The basis for the establishment of the two classifications - i.e. the PSSA test scores - is an irrational basis, as the PSSA test was never validated as a measure of teacher performance or as a basis for diminished teacher employment rights.
- Equal Protection Claim as to Parents - The Act also establishes two classes of parents: (1) Empowerment parents, who lose the right to approve the conversion of existing schools to charter schools; and (2) other parents in the Commonwealth, who retain those rights. Again, the basis for the establishment of the two classifications - i.e. the PSSA test scores - is an irrational basis, as the test was never validated to measure charter school performance and parental involvement, or as a basis for diminished parental control. Moreover, the test reflects socio-economic factors, such that poor districts have received lower test scores.

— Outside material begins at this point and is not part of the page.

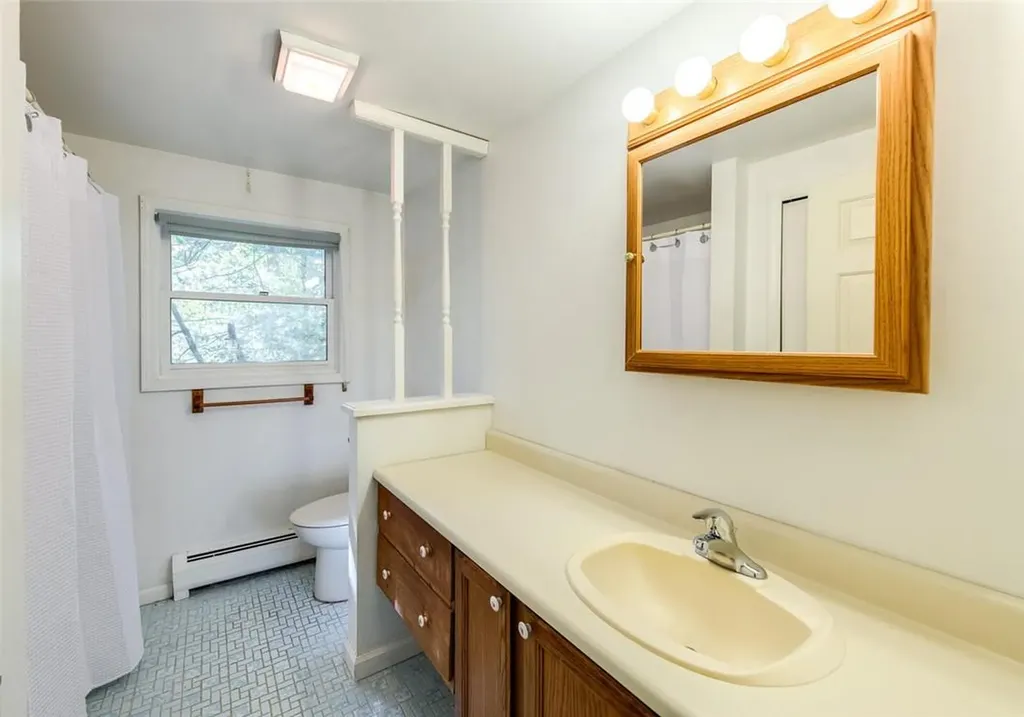 41 Horseshoe Road Millbrook NY 12545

- Equal Protection Claims as to Taxpayers - The Act establishes two classes of taxpayers: (1) Empowerment taxpayers, who lose their right to influence their elected school board members in approval of charter schools established in the district; and (2) other taxpayers in the Commonwealth who retain that right. Again, the basis for establishing this distinction of class - the PSSA test - is an irrational basis.

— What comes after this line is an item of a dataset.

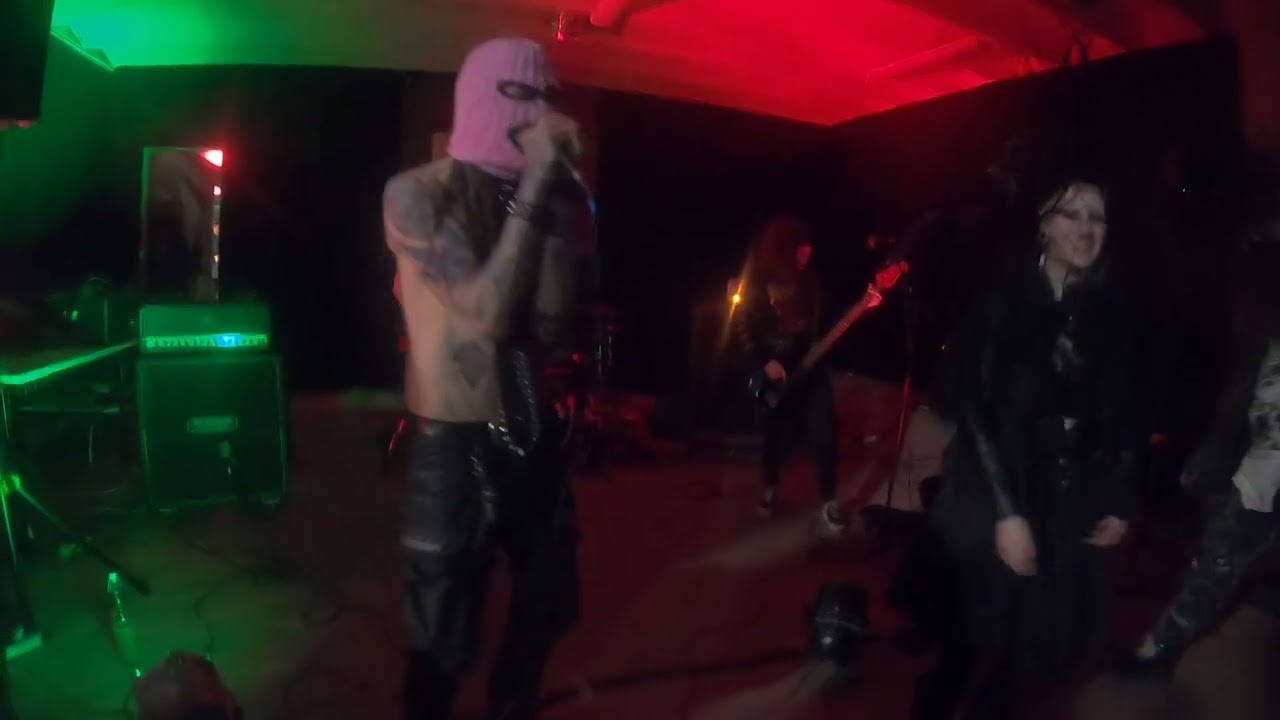 Bashed-Blob of coal and guts live @ Kenneli DIY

- Impairment of Contracts - Pennsylvania case law has held that the Teacher Tenure Law and its grant of job security rights to professional employees establishes a contract between the state and professional employees. As such, plaintiffs contend that the Act violates the Contract clauses of both the U.S. and PA Constitutions, as the Act substantially impairs the contractual job security rights for professional employees in empowerment districts by diminishing those tenure rights.
- Taxation without Representation - Plaintiffs further contend that the Act violates a provision of the Pennsylvania Constitution that prohibits assigning tasks to a special commission. With the Act, there is the potential for a Board of Control to be in power that would have the final say on school improvement. The school board would have to levy taxes to implement school initiatives directed by the unelected Board of Control. Such would be taxation without representation.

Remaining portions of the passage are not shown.